Il me paraît difficile de détester "Nous trois ou rien", le premier film de Kheiron, ancien du Jamel Comedy Club et acolyte de Kyan Khojandi dans la série "Bref".
Les bons sentiments ne font pas les bons films, c'est entendu, mais le vibrant hommage rendu par un fils au parcours de son propre père dégage le souffle et l'émotion des histoire vraies.
On suit en effet l'itinéraire semé d'embûches de Hibat Tabib, étudiant en droit et opposant iranien au régime du Shah dans les années 70, puis à celui de l'ayatollah Khomeini. Hibat (interprété par Kheiron lui-même) se retrouve emprisonné, battu, torturé, avant de rencontrer à sa libération la charmante Fereshteh (Leïla Bekhti, lumineuse).

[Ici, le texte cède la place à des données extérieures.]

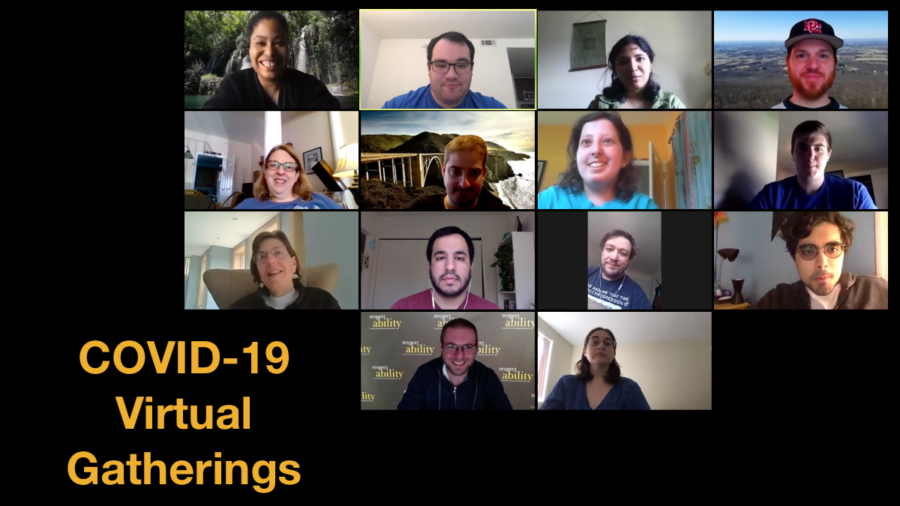 Fourteen diverse people with and without disabilities smiling in a Zoom group meeting. Text: COVID-19 Virtual Gatherings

Les deux jeunes époux militent ensemble pour la démocratie mais face à la répression, sont contraints de fuir leur pays en 1984. C'est alors l'exil pour la France en compagnie de leur très jeune fils Noochi, puis leur arrivée en Seine-Saint-Denis, où ils vont s'impliquent fortement dans la vie associative locale.
Kheiron signe donc un joli film, utilisant la tendresse et l'humour pour désamorcer la violence et les souffrances endurées en prison, notamment, ce qui confère à "Nous trois ou rien" un ton très particulier, déconcertant parfois mais courageux, dans le sens où les aspects les plus tragiques ne sont pas éludés.
Pourtant, le ton du film est bien celui de la comédie, comme on le vérifie lors d'une seconde partie en France volontairement très optimiste, où Kheiron souhaite mettre en valeur des exemples d'intégration réussies et montrer que le vivre ensemble n'est pas un simple concept, quitte à tomber dans les clichés et dans un angélisme quelque peu agaçant.
Cela dit, par les temps qui courent, on peut comprendre la volonté de l'humoriste franco-iranien de célébrer les valeurs de multi-culturalisme et de montrer l'immigration en tant que ressource à part entière de notre beau pays.
Parmi les maladresses inhérentes à un premier film, on relèvera également la trop grande ambition de Kheiron, qui soucieux de coller à la réalité et de n'oublier personne, choisit de multiplier les personnages (onze frères et sœurs tout de même!), au point de perdre le spectateur parmi tous ces patronymes à consonance persane.
Quoi qu'il en soit, même si l'humour un peu naïf et redondant ne fonctionne pas toujours, Kheiron signe une œuvre attachante et singulière, qui dénote dans le paysage formaté de la comédie française grand public. Entre nouvelles têtes et comédiens reconnus (Gérard Darmon est formidable), la distribution est globalement convaincante, et on passe un joli moment en compagnie de cette famille hors du commun, dont on voit défiler les véritables photos lors d'un générique final émouvant.